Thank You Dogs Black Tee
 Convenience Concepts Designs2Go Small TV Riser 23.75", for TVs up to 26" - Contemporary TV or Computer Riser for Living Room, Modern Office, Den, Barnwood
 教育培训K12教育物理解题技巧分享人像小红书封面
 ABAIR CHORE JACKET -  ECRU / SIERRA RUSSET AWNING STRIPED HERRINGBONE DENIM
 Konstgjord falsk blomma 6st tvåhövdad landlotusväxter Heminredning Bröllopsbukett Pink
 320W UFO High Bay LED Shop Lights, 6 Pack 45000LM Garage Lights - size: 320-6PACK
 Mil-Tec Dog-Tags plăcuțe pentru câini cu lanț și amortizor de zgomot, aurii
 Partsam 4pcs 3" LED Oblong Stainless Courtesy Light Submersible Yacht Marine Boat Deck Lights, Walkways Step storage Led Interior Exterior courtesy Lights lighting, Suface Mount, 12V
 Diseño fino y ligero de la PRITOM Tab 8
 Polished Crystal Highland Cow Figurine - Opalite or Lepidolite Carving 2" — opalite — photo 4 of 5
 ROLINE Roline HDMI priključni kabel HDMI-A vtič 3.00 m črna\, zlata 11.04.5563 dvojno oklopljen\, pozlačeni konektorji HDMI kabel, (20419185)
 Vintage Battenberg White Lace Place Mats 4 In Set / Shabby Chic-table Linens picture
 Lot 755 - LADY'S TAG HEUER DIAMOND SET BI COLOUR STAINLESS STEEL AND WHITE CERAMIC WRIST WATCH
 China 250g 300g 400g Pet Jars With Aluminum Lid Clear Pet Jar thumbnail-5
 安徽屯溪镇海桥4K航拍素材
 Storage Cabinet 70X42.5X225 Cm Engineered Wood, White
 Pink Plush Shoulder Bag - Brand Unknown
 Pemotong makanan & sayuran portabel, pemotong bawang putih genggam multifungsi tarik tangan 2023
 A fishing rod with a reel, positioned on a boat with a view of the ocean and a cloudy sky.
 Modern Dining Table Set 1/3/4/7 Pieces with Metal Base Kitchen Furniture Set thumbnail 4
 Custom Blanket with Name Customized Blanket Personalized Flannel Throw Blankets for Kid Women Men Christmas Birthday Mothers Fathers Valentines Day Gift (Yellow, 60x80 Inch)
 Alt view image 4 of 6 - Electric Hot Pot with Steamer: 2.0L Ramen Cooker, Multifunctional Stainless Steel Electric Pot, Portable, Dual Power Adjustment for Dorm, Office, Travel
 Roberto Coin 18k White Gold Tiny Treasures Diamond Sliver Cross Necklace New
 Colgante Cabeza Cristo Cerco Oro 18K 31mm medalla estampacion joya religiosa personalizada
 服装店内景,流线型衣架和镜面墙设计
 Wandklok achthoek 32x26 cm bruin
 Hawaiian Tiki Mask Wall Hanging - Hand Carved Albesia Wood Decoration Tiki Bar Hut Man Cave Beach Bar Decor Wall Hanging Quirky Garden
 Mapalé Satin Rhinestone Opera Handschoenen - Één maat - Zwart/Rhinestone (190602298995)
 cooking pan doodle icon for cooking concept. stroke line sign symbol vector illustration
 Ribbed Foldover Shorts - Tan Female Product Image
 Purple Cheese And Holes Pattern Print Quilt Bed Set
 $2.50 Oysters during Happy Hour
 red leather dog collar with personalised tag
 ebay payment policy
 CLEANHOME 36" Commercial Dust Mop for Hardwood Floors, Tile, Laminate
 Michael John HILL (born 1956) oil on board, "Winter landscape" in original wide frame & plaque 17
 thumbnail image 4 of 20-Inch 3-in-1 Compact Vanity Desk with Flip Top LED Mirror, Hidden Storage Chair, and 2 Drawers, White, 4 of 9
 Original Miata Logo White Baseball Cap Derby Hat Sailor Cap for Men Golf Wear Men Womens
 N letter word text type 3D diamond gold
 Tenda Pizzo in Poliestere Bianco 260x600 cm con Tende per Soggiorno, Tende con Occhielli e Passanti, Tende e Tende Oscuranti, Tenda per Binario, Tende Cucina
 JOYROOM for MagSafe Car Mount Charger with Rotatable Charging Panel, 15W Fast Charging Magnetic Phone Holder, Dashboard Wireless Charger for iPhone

(Exercise description): Where does the word "Mount" appear in the records? Copy every line that holds it.

(Solution to this exercise):
 Partsam 4pcs 3" LED Oblong Stainless Courtesy Light Submersible Yacht Marine Boat Deck Lights, Walkways Step storage Led Interior Exterior courtesy Lights lighting, Suface Mount, 12V
 JOYROOM for MagSafe Car Mount Charger with Rotatable Charging Panel, 15W Fast Charging Magnetic Phone Holder, Dashboard Wireless Charger for iPhone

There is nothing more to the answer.